My hardware:
IBM x335 server with 2 Xeon 2.4GHz CPUs, 2GB RAM, 2×36GB SCSI hard drives.
Note, that I will not use RAID, because I only have 2 hard drives and I need’em both for different roles to maximize performance. Plus, I have a cluster of squid servers, so even if one of them goes down - it won’t be as painful.
If you decide to use RAID, Tony (the guy who wrote the helpful guide I mentioned earlier) suggests this:
I highly recommend that your machine is set up with a separate pair of squid disks, or worst case, on a separate partition on the host OS drives, utilizing a decently fast RAID level (think RAID10 here, don’t bother going near RAID5, you’ll get major I/O lag on writes). I’d recommend going for FAST disks (stay away from IDE here, or you’ll be in a world of pain).
1. Install Ubuntu 8.04 server edition, with ssh server.
disk a: 34GB - /, ext3.
2GB - swap area.
disk b: 36GB - /var/spool/squid, reiserfs
after the install completes, enter /etc/fstab and comment out the disk b line. instead:
/dev/sdb1 /var/spool/squid reiserfs defaults,notail,noatime 1 2
Reason for choosing ReiserFS:
Probably the most important thing to note when deploying squid, is that in 99% of cases, you will have many thousands – if not millions – of very small files; due to this, you need to choose a file-system that is able to deal very well with reading/writing many small files concurrently.
Enter ReiserFS.
Having tried both XFS – very poor performance over time -, and ext3 – better performance, but still lags a lot under load -, I switched over to ReiserFS, and have found that this lives up very well to its reputation of being good with many-small-files and many-reads/writes-per/sec.
2.
sudo nano /etc/network/interfaces
enter the right config.
3.
sudo nano /etc/apt/sources.list
uncomment all the deb lines
add
deb http://download.webmin.com/download/repository sarge contrib
4.
sudo apt-get update sudo apt-get upgrade
5.
sudo apt-get install build-essential webmin htop
6.
wget http://www.squid-cache.org/Versions/v2/2.7/squid-2.7.STABLE5.tar.gz
or upload from a local dir.
7.
wget http://squirm.foote.com.au/squirm-1.26.tgz
or upload from a local dir.
squirm is a redirector, which we use for rewriting dynamic links, so that squid will be able to cache them. I’m not sure you need it, but in case you do, I’m not going to cut it out of the guide.
8.
Some kernel optimizations:
sudo nano /etc/sysctl.conf
enter the values below.

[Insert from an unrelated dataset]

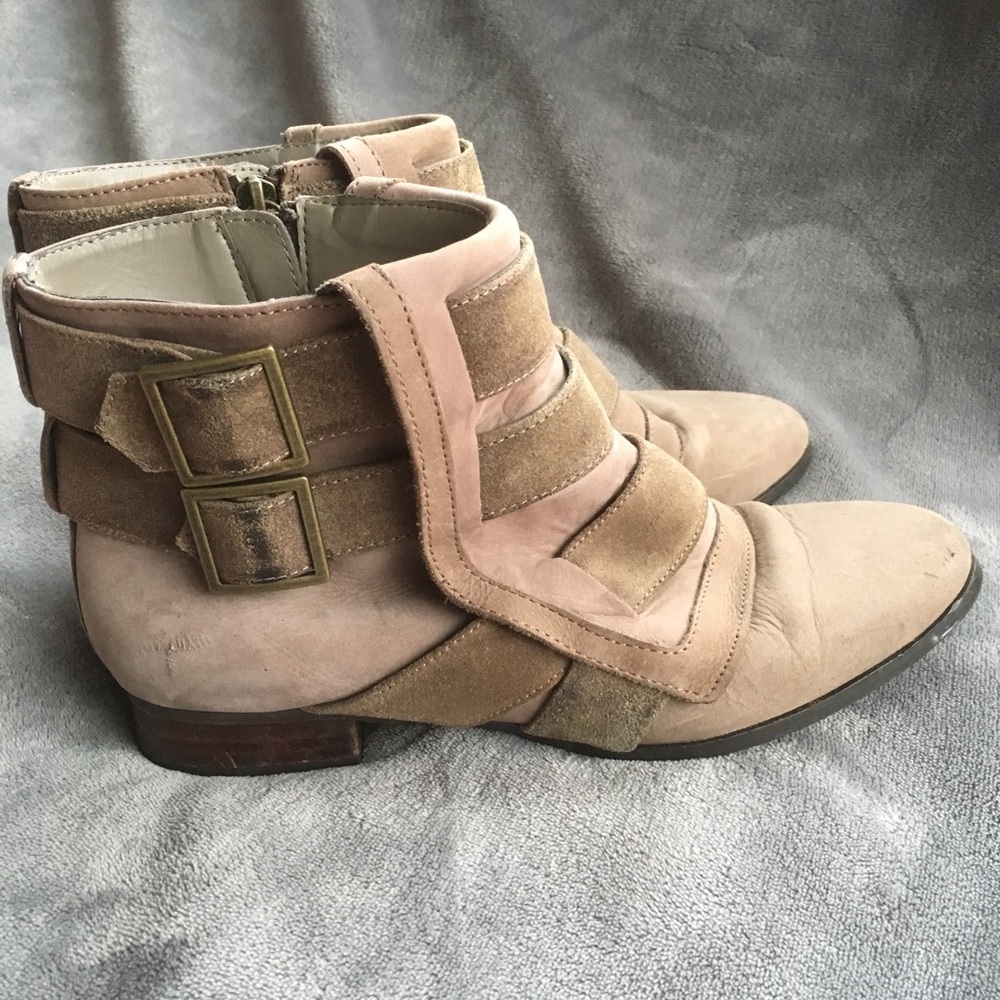 Zara Collection low ankle boots with straps - Picture 1 of 7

You might want to take a look at what you’re doing, just google those - there’s plenty of info.
fs.file-max = 131072 net.core.rmem_default = 262144 net.core.rmem_max = 262144 net.core.wmem_default = 262144 net.core.wmem_max = 262144 net.ipv4.tcp_rmem = 4096 87380 8388608 net.ipv4.tcp_wmem = 4096 65536 8388608 net.ipv4.tcp_mem = 194976 259968 389952 net.ipv4.tcp_low_latency = 1 net.core.netdev_max_backlog = 4000 net.ipv4.ip_local_port_range = 1024 65000 net.ipv4.tcp_max_syn_backlog = 16384
9.
sudo nano /etc/security/limits.conf
enter this line before the “end of file”:
* - nofile 65535
10.
sudo sysctl -w net.ipv4.route.flush=1
11.
sudo reboot
12.
tar xzf squid-2.7.STABLE5.tar.gz
13.
cd squid-2.7.STABLE5
14.
While you can install the squid package via “apt-get install squid”, you really shouldn’t as you’re gonna miss on some options that aren’t in the package, and since some of’em are pretty necessary for our setup, let’s take some more time and compile it from source. Plus, it will let us understand better what we’re up against here.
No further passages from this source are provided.